Sometimes the Internet makes a mistake.
The other day, one of my favorite websites embedded a Fox News video about NSA spying. Fox News entitles their video “Citizens Treated As Suspects.” At the site showcasing Fox’s story, though, the headline reads: “The NSA Grabs Information from Non-Suspects; Ninety percent of those spied upon are under no suspicion.”
Can this be right? When you’re treated as a suspect, you are a suspect, aren’t you? You’re being suspected of something. At least of being somebody who might be up to something worth snagging in an all-embracing fishing expedition. If you’re not guilty, somebody else leaving comparable data traces is, surely.
On the other hand, no matter how innocent you feel, you gotta be guilty of something for which the government could come after you, right?
I do not say you have done something actually wrong. Only something some policeman or bureaucrat could hassle you for. We live in an era when parents get arrested for letting their kids play in the park
Fox News reporter Shephard Smith says that most Americans caught up in the particular NSA surveillance net discussed in his story are just ordinary, everyday blokes — not reasonably suspected of anything NSA-spy-worthy. This is unsurprising given all we’ve been learning from the NSA documents released by whistleblower Edward Snowden (see ProPublica’s revelation-chart).

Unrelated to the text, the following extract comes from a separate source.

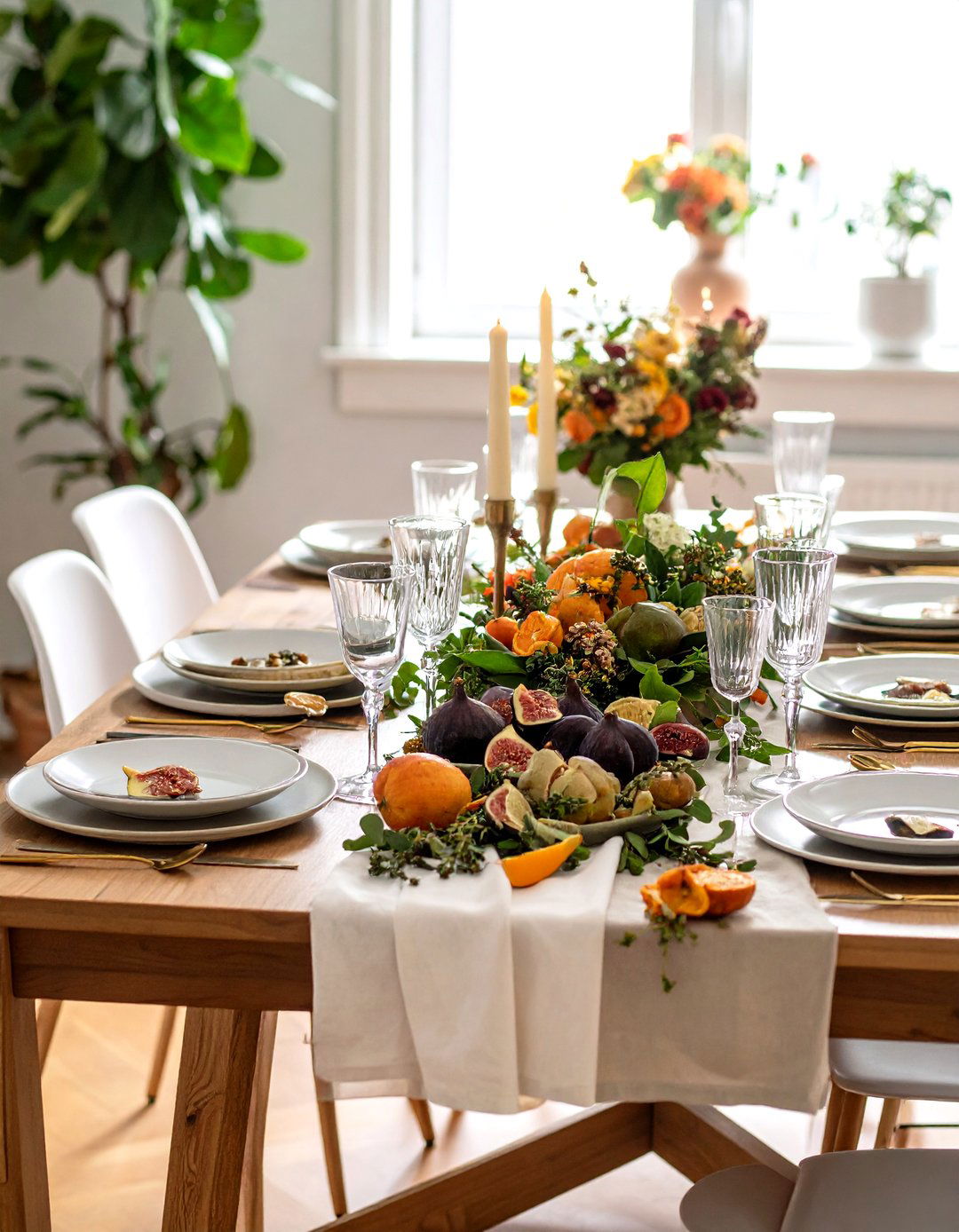 Edible Centerpieces That Serveand Decoratethe Dining Table - 20 Dining Table Decor Ideas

These days, in the eyes of our government we are all suspects. Continuously.
And there’s something very suspicious about that.

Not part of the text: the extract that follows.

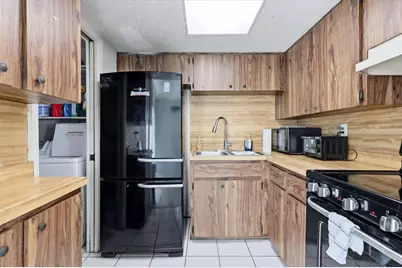 1805 Marbeth Street #1805/1807, Sarasota, FL 34231 - Photo 5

This is Common Sense. I’m Paul Jacob.
5 replies on “Yes, You Are a Suspect”
What is insidious about this is that many will say, “I’m not guilty of anything, so why worry about all this enhanced government surveillance?”. That is what the perpetrators of the information gathering want you to argue. However, imagine being politically active on the opposite side of the current “Party” in power. Then imagine all the past information they’ve kept on you over the years. None of us are perfect, right? How many mistakes have you made in your past? And, imagine how easy would it be to build a case against you to shut you up?
Every American should rise up against government surveillance and information gathering of its citizens in absence of a warrant.
“Suspicious”?
How about Ruthless, Criminal or Fascist?
There ARE so many laws on the books that you are guilty of something, somewhere, sometime. So in their mind, if they track us through life and someday we become a problem politically or whatever other reason, they they just rewind the tape and put a bureaucrat on it until he uncovers one of our misdeeds.
What i’m afraid of is that the IRS is now just a defacto branch of the NSA, just one of it’s enforcement divisions. That the NSA probably OWNS Congress, or a big part of it because they can politically torpedo a Congressman by revealing their personal secrets, and we just don’t know it yet.
The antithesis of the 4th Amendment, rubberstamped by the FISA “court” which approves and provides a cover of legitimacy to everything the feral government asks.
Iheartdagney, you hit the nail on the head. Total surveillance — with government knowing all we do — will mean the death of freedom. Freedom and total surveillance are antithetical to each other. The police state is rapidly growing up around us, installing invisible bars for the ultimate prison. Hitler could only dream of what we’re becoming.
To paraphrase Winston Churchill, they who give up liberty for security will have neither.
Liberty always has, is and always will be paid for with treasure and blood.